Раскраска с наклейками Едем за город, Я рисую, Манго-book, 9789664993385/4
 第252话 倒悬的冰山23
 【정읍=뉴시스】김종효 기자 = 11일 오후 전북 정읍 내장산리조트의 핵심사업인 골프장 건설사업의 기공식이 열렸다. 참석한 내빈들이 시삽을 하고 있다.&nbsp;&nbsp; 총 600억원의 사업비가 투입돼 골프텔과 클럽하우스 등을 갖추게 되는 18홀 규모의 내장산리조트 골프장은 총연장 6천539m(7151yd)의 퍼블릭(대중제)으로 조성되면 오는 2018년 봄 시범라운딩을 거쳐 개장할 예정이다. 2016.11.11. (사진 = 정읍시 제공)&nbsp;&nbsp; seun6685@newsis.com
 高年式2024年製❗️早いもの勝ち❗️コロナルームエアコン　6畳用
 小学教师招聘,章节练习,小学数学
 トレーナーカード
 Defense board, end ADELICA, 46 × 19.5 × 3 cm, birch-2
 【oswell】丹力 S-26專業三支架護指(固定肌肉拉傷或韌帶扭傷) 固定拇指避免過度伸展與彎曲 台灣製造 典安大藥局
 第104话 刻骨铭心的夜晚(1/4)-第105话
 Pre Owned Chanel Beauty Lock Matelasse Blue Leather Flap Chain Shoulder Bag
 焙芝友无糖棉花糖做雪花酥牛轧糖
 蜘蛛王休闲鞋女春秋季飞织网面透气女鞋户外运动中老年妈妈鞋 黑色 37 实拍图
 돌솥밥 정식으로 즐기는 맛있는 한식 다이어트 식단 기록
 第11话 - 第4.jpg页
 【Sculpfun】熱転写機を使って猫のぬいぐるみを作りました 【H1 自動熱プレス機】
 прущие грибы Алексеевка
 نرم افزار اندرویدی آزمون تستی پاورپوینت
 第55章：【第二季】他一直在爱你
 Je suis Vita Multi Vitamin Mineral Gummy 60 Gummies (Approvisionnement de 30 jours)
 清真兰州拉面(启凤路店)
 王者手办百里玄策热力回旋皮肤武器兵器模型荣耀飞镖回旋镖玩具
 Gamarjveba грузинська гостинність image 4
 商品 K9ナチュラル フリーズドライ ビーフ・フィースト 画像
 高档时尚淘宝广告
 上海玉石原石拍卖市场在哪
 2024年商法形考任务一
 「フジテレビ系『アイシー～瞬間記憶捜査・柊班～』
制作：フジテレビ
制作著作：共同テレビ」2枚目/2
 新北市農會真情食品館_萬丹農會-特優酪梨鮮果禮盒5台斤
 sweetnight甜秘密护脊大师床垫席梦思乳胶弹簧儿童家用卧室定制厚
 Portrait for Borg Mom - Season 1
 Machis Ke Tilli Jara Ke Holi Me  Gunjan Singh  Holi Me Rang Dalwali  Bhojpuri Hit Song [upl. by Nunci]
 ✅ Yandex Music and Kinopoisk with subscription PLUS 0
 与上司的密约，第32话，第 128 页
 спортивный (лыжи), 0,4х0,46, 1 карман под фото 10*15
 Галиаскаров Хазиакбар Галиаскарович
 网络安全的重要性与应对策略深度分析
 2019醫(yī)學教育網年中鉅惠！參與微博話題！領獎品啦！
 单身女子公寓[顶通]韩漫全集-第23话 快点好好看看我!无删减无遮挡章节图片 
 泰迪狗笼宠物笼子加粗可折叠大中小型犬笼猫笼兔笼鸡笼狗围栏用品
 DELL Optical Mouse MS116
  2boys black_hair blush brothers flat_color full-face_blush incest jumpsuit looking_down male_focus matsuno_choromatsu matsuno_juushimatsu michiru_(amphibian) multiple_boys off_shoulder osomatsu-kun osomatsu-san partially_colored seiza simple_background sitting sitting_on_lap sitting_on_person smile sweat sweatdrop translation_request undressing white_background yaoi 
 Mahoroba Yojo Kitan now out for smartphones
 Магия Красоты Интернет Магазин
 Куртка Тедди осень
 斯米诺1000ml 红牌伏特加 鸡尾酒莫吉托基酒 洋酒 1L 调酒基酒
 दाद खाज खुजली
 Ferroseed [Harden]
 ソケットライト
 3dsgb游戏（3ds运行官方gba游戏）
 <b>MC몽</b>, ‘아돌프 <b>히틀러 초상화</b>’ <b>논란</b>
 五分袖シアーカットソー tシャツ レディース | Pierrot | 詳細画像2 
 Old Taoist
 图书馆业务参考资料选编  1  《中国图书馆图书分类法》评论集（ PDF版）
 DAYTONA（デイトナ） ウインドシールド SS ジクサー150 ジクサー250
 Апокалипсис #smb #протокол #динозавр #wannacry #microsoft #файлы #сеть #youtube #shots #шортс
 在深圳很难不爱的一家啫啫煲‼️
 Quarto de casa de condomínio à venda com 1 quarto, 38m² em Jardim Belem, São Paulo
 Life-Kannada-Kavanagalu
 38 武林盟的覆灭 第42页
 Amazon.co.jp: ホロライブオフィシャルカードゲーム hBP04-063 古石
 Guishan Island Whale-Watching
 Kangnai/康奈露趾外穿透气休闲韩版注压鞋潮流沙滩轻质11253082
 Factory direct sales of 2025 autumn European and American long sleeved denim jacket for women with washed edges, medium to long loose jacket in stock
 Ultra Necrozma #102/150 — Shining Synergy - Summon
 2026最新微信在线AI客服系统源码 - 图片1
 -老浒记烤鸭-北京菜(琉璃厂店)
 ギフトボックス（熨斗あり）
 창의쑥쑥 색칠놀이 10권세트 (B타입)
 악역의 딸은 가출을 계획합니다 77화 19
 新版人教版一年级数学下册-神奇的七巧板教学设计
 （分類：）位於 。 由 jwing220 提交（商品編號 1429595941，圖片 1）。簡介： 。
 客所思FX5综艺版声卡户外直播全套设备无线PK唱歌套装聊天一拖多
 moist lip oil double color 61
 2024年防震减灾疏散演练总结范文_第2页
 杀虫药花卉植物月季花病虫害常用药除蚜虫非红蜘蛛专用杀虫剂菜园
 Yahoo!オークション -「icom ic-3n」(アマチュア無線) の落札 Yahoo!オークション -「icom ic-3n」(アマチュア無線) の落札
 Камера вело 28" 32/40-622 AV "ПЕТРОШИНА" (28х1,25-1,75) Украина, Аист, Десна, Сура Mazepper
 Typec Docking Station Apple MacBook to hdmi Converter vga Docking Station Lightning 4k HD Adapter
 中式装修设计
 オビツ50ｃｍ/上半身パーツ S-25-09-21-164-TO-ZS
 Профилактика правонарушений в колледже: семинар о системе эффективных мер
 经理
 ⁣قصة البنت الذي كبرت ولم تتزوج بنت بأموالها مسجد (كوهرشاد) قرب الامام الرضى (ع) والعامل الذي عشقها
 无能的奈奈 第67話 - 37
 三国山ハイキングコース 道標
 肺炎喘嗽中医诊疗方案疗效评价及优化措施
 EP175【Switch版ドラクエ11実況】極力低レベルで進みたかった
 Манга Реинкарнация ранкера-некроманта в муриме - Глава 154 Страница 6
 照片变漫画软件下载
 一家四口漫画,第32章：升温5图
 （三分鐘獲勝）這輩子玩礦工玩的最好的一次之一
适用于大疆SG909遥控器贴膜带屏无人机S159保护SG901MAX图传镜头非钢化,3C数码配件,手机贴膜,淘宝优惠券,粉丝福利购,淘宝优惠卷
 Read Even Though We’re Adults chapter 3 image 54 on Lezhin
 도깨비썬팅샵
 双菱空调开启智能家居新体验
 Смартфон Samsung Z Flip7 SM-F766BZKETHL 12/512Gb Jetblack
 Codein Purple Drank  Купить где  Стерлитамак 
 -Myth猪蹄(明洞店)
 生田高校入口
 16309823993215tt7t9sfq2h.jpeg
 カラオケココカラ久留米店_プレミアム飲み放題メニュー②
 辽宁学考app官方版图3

## Your assignment:
Go through the listing and work out how many lines include the string "with". Give only the number.

## Problem solution:
2